'Kilo' means 10 to the power of 3. (i.e. 1000). However computers use binary arithmetic. Those who work in the field quickly decided that it would make more sense to interpret 'kilo' as meaning 2 to the power 10 (=1024), rather than as 1000. Following on from that, 'Mega' came to be interpreted as 2 to the power of 20 (= 1,048,576), rather than as 1,000,000, for computer purposes. As the numbers used by computer designers got bigger, it then followed on that 'Giga' came to mean 2 to the power of 30 (= 1,073,741,824), rather than as 1 billion.
So a hard drive which has 1500 billion (real) bytes will have {1500 divided by 1.073741824} (computer) Gigabytes, which is about 1397 (computer) GB. That would partially account for the apparent deficit which you've reported.

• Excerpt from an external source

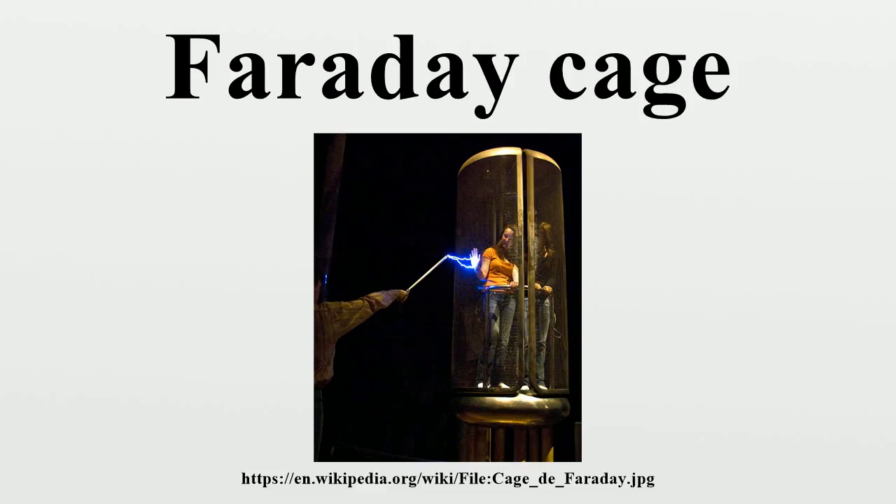Faraday cages can also be designed for frequency-specific attenuation based on mesh size — for example, a 30 mm mesh size will allow RF signals above 10 GHz through with no or very little attenuation. Short waves are also better blocked, like CB-AM radio, versus high-frequency RF signals above 70 GHz, which are more difficult to shield against.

However I suspect that the '1500' in the description might actually refer to 1.5 x 2^10, rather than 1.5 x 10^3. In which case, a factor of 1.024 needs to be brought into the calculation, giving a disk size of roughly1364 (computer) GB. That would certainly be the case if the drive was actually described as '1.5 Terrabytes'.
It has always been the convention that hard drive manufacturers will report the true number of bytes available on their products, even though the computers that those drives are placed in will then report a lower figure (because the computer requires 1024 bytes to make up one Kilobyte, rather than 1000). As drive sizes get bigger, the differences become more marked.